I should tell you, there was a time when I hated research enough that I nearly quit. When I finished my PhD (in the last century), I hated research. I had become a psychologist because I wanted to help kids. Although I did well in my PhD, I was so fed up that I didn’t publish my PhD research which was a series of studies on the measurement of social skills. I felt it didn’t do any good and would only be read by a few other scientists.

I applied only for clinical jobs. Unfortunately, the clinical job I applied for required I do a bit of research. I started some research on children with recurrent abdominal pain because no one could figure out what to do with these patients. It related directly to my patients and within three years, I was hooked on research.  During my career, I have spent thousands of hours doing my research, supervising student research, and I have published hundreds of scientific papers.  Although my days are now spent as Vice President of Research and Innovation, I can’t imagine how I could live without doing research.

But I still hate research at times.  Here are 10 reasons why.

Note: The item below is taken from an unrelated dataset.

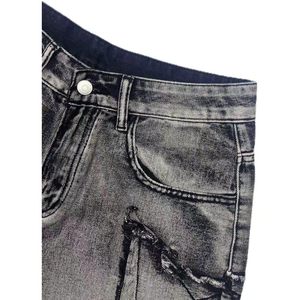Pantalones Cortos de Mezclilla Holgados para Hombre, Negros y Grises, Desgastados, de Cintura Media, Pierna Recta, Estilo Casual Urbano, Moda Y2K - Product Image 5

  1. Research crushes some of the best and the brightest young minds. Research funding is so tight that some outstanding young scientists don’t get funding. For example, in the regular Canadian Institute of Health Research competition, there was about an 85% failure rate. With low success rates for grants, it takes an almost insane devotion to science to continue in research.
  2. Research doesn’t get enough attention in the media. Maybe this is unseemly whining, but I wish that instead of the focus we have on celebrities and athletes we had a bit more focus on my brilliant colleagues who are scientists. Did you ever notice that the newspaper has a large section on sports but only a few columns on science and research. If you look up what is trending on Twitter, it is never science. Not that I think scientists should be pursued by papparazi, but more attention would be good.
  3. Research fails a lot of the time. Many of my research ideas and those of other researchers fail. It is necessary. In fact, if you don’t fail in your studies, you are not being adventuresome enough. Failure of a study, if designed right, is just another data point. My first study when I started my research career was a failure and it taught me a lot. But it can be miserable to spend months working on a project to see it fail.
  4. Sometimes partners you choose are not good collaborators. This is fortunately rare and most collaborators are outstanding. Because research often requires multiple investigators with different skills, collaborators who don’t deliver can devastate a study.
  5. Sometimes it takes longer than I think it should to do a study. The most common problem in clinical research is enrolling participants with most trials not meeting their planned level of participants.
  6. Research takes a lot of your personal time and is often done outside of regular work hours. I don’t know of any top flight researcher who does not spend many extra hours on research.
  7. Sometimes research doesn’t go anywhere – findings not used, papers not published.
  8. It is hard to keep up with the rapidly changing field – must stay current by reading a lot of journals, attending international conferences etc.
  9. Research is sometimes not valued.  Even though there is great research evidence for a decision, this may not be acted on by policy makers and others.  This can be frustrating.
  10. Grant reviewers sometimes just don’t get it and give poor ratings to my proposal. But it is probably not their fault.  It is likely that I have not done a good enough job explaining the research or the potential value of the research.